Veering off the Road

“You were driving but I was lost in my own navigation” (Winterson, 17).

We see a continuous crumbling structure of love woven within this novel. This idea of being within ones “own navigation” comes from the narrator’s overt fixation of love and lust but not knowing how to hold on to that, maybe even choosing the wrong lovers. The language used is clear and concise in its metaphorical usage, the idea of being in a relationship and progressing together within a relationship. The idea of the narrator’s “own navigation” cements the idea of the narrator’s lost infatuation with their love.

Understanding this passage, means understanding a lot of this novel thus far. The narrator falls in and out of love with married women and single women. It’s as though the narrator gets the same unfulfilling result, being on someone else’s navigation. The narrator is on this high, and it is not until they hit reality that they realize this relationship is only a façade. The lover’s however, aren’t always “driving” the relationship, and in many ways the narrator is driving, and they’re trying to navigate their journey with the narrator only to realize that love is not being reciprocated.

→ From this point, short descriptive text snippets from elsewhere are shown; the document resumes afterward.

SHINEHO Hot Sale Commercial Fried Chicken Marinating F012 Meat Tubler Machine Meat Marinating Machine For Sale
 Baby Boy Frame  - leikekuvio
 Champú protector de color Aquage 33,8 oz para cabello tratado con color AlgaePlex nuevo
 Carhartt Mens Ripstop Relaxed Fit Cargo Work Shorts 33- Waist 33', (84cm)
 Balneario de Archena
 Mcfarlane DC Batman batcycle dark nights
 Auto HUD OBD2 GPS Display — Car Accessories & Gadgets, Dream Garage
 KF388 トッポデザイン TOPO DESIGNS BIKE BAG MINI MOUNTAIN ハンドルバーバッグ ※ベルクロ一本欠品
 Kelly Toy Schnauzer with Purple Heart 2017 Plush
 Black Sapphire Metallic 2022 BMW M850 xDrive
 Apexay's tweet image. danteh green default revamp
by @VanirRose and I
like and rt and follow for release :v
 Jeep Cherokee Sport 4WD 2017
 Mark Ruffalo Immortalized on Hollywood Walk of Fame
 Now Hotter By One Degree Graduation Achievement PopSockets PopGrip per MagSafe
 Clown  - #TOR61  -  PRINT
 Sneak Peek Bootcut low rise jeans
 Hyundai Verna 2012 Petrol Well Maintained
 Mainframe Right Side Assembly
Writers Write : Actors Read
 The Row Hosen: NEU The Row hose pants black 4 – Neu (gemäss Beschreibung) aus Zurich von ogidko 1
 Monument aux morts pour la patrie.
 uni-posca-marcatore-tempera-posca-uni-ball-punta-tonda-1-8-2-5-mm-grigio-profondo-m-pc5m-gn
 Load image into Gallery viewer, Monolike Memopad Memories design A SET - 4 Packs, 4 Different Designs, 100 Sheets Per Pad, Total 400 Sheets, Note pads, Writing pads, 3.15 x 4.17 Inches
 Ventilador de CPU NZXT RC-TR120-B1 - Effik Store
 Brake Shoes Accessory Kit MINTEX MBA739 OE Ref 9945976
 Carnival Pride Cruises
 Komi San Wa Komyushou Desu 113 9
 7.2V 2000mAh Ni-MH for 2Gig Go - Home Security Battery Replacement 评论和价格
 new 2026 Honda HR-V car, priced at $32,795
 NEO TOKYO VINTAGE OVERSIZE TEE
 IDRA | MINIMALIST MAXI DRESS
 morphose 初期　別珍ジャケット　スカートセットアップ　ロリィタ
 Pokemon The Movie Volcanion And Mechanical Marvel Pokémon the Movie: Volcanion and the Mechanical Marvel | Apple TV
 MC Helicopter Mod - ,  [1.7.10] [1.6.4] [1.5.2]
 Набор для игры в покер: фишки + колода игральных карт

I think, though, that the narrator wants readers to feel compassion and empathy for themselves. We, as readers, see the unsteadiness of the relationships, however our sympathy should not be towards the narrator, it should be more towards the lovers. The narrator is manipulating us. The narrator’s captivation and undeniable love for a companion is not valid because the narrator is deteriorating. Deteriorating because one relationship ends as the other begins, never cementing in an ending.